* [TRY IT] Please repeat, from the entries that follow, the lines from the one containing "Санки-ватрушка Nika, Экстрим, 70" through the one containing "都内手渡し、又は郵送対応可能です" exactly, adding nothing.

* [LISTED ENTRIES]
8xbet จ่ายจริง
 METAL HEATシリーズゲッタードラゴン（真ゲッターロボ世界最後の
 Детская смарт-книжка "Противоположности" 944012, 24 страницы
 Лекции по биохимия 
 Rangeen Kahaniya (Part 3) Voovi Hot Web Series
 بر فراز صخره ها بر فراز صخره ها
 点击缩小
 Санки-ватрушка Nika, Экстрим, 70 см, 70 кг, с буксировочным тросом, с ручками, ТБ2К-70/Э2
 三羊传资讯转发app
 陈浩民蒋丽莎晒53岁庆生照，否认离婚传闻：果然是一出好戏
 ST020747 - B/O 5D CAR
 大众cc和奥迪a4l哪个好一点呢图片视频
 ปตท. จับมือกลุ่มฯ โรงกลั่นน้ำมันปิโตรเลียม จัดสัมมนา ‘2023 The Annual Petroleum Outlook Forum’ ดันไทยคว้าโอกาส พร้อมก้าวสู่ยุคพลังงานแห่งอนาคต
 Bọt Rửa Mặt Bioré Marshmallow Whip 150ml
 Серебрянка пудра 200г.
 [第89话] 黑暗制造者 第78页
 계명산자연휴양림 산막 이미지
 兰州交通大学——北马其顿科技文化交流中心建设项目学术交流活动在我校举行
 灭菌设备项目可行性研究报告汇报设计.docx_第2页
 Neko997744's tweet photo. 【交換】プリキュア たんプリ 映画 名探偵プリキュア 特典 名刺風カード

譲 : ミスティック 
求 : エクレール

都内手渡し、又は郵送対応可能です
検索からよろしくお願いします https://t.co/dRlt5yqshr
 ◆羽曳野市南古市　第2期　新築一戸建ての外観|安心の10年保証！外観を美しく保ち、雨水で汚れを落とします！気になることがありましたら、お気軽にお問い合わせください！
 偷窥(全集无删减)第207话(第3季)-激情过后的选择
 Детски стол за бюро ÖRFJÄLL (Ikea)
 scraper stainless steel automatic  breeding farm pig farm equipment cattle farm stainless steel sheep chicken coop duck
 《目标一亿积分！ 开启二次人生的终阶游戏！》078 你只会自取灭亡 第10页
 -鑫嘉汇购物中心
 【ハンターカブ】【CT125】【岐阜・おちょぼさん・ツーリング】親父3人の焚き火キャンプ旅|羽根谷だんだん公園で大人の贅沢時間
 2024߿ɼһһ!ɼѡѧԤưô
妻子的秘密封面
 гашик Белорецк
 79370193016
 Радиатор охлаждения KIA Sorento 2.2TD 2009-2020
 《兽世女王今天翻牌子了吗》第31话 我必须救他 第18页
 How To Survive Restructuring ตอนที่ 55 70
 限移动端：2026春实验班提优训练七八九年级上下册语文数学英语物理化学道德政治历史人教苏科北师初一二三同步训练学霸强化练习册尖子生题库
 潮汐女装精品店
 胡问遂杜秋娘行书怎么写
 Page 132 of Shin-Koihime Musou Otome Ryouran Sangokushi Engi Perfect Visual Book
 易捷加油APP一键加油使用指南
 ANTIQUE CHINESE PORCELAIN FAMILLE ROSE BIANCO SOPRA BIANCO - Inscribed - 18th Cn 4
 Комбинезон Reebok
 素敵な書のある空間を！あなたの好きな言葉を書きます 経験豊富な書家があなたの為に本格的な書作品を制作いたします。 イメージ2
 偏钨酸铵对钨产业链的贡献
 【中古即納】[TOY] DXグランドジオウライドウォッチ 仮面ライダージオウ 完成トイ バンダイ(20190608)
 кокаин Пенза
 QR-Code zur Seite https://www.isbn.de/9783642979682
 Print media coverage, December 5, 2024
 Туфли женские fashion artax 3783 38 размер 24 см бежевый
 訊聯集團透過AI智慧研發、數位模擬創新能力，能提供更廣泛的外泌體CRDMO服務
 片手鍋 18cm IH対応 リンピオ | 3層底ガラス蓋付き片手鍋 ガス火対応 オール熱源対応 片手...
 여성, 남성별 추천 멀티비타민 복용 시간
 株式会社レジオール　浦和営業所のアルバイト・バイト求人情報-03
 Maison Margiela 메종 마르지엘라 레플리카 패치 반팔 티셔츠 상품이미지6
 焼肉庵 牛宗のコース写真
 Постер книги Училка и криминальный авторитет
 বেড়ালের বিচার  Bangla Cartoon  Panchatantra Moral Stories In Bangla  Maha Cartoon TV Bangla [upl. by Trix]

* [SOLUTION TO THIS TASK]
 Санки-ватрушка Nika, Экстрим, 70 см, 70 кг, с буксировочным тросом, с ручками, ТБ2К-70/Э2
 三羊传资讯转发app
 陈浩民蒋丽莎晒53岁庆生照，否认离婚传闻：果然是一出好戏
 ST020747 - B/O 5D CAR
 大众cc和奥迪a4l哪个好一点呢图片视频
 ปตท. จับมือกลุ่มฯ โรงกลั่นน้ำมันปิโตรเลียม จัดสัมมนา ‘2023 The Annual Petroleum Outlook Forum’ ดันไทยคว้าโอกาส พร้อมก้าวสู่ยุคพลังงานแห่งอนาคต
 Bọt Rửa Mặt Bioré Marshmallow Whip 150ml
 Серебрянка пудра 200г.
 [第89话] 黑暗制造者 第78页
 계명산자연휴양림 산막 이미지
 兰州交通大学——北马其顿科技文化交流中心建设项目学术交流活动在我校举行
 灭菌设备项目可行性研究报告汇报设计.docx_第2页
 Neko997744's tweet photo. 【交換】プリキュア たんプリ 映画 名探偵プリキュア 特典 名刺風カード

譲 : ミスティック 
求 : エクレール

都内手渡し、又は郵送対応可能です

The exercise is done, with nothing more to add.